- [Given entries]:
^^^^
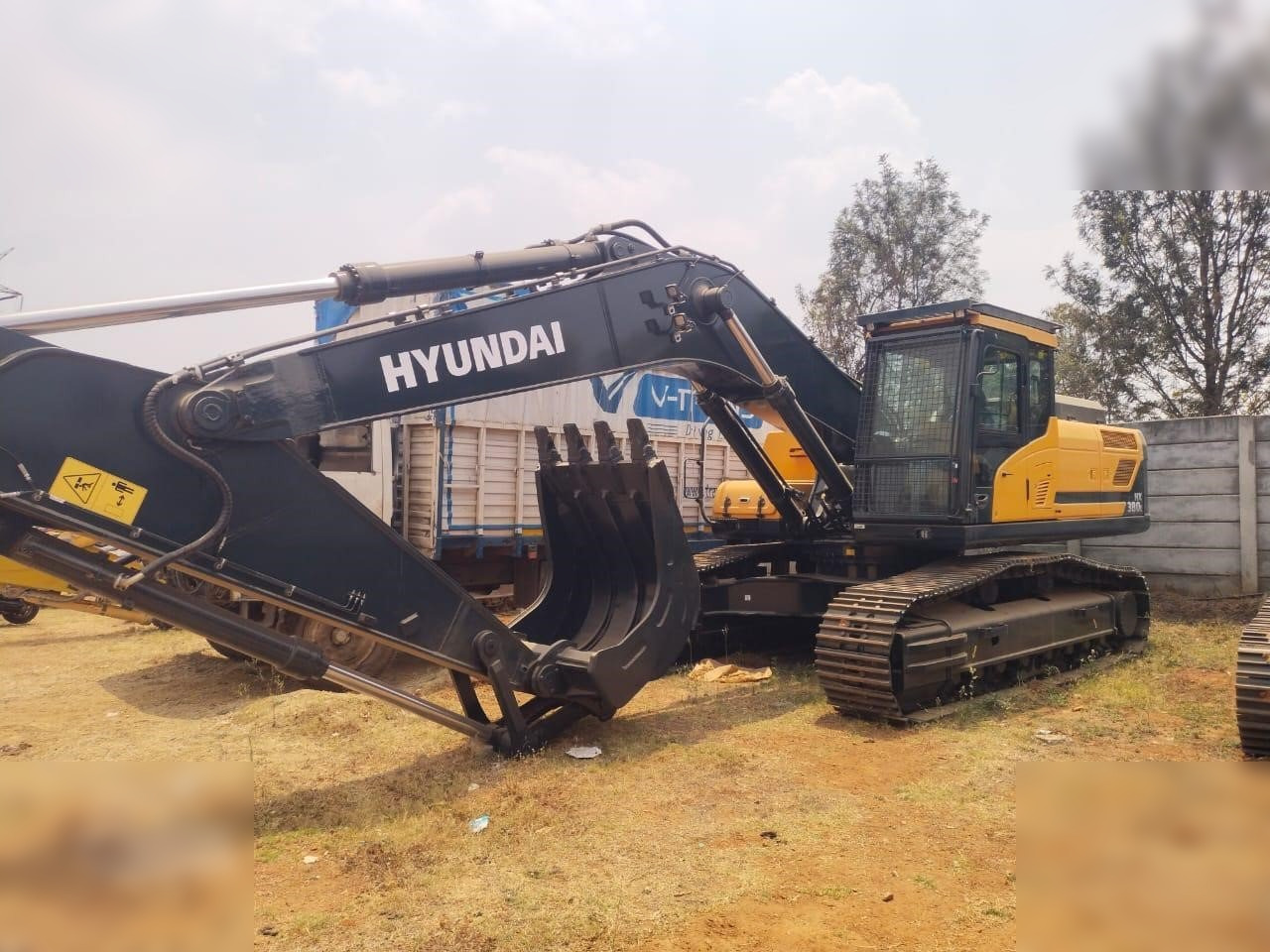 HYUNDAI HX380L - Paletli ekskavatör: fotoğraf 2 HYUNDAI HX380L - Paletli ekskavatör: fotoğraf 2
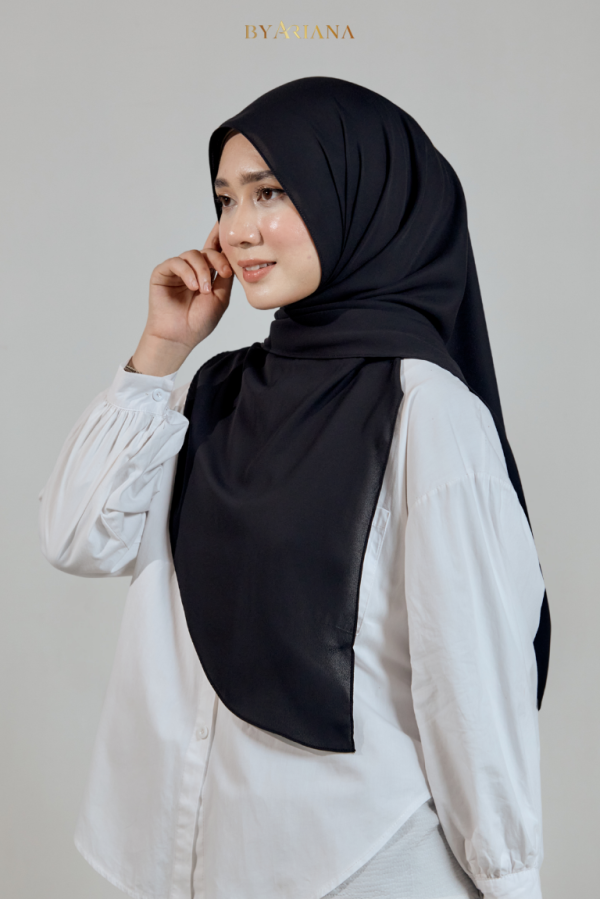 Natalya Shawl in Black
^^^^
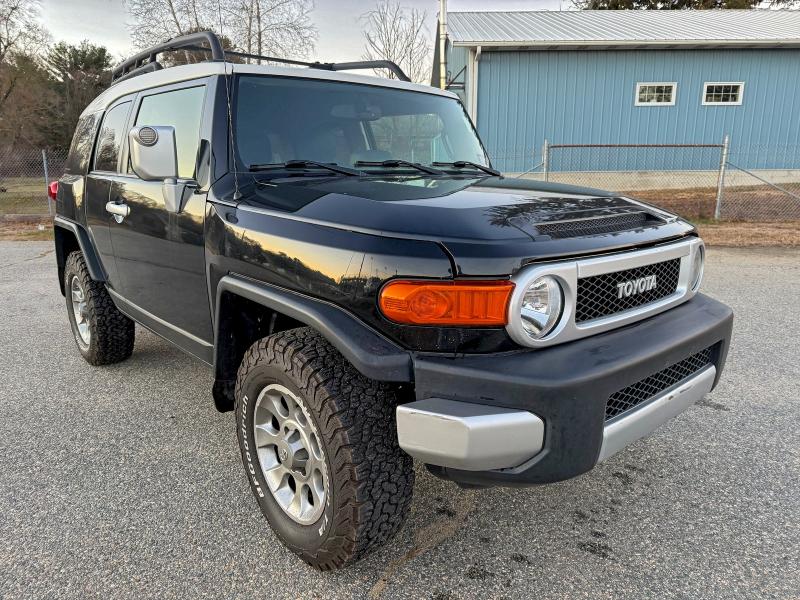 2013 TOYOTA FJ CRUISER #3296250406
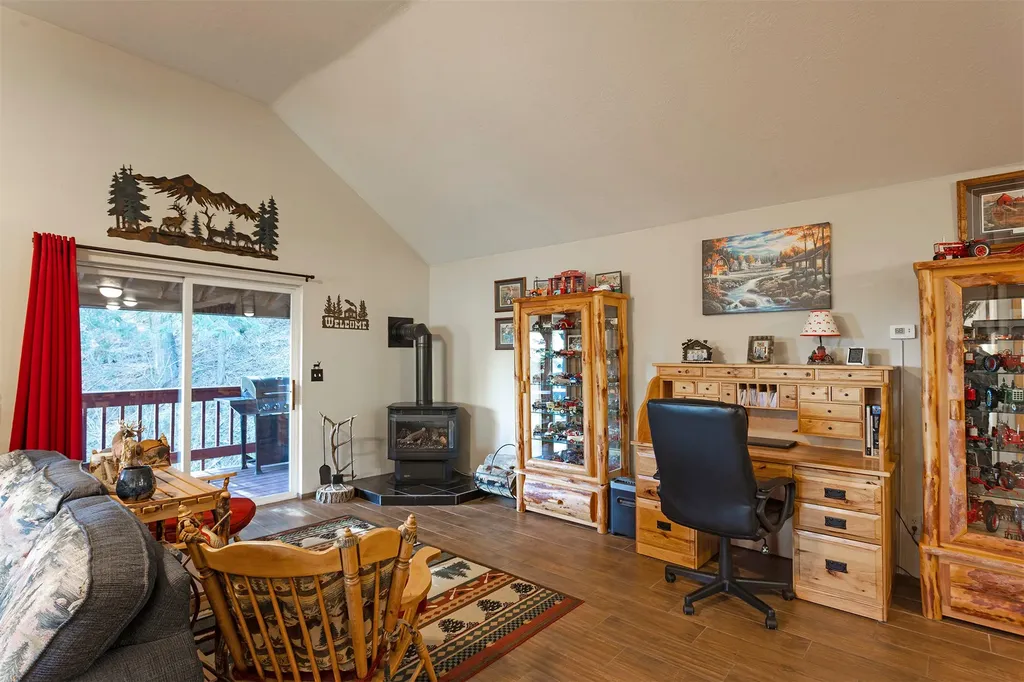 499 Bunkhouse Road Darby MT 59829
^^^^
- [Problem]:
A word-for-word reproduction is needed of the lines above from the line containing "HYUNDAI HX380L - Paletli ekskavatör: fotoğraf 2 HYUNDAI" through the line containing "Natalya Shawl in Black", with both ends kept and no pictures.

- [Result below]:
 HYUNDAI HX380L - Paletli ekskavatör: fotoğraf 2 HYUNDAI HX380L - Paletli ekskavatör: fotoğraf 2
 Natalya Shawl in Black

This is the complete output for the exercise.